• Directions for this task: Start at the line in the entries below that contains "TRUTZHOLM Verkehrshütchen mit schwerem Fuß", stop at the line that contains "4WD traktori John Deere 6120E", and output exactly the lines in that span, both ends included.

• Data records:
--

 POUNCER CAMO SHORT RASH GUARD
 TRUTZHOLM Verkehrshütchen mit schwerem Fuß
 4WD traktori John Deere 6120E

--

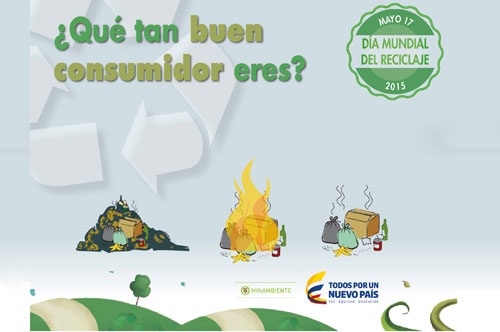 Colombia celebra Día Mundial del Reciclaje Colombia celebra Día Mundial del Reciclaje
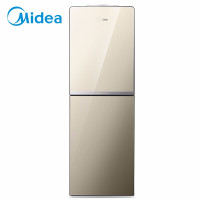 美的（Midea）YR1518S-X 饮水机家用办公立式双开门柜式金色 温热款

--

• Your response:
 TRUTZHOLM Verkehrshütchen mit schwerem Fuß
 4WD traktori John Deere 6120E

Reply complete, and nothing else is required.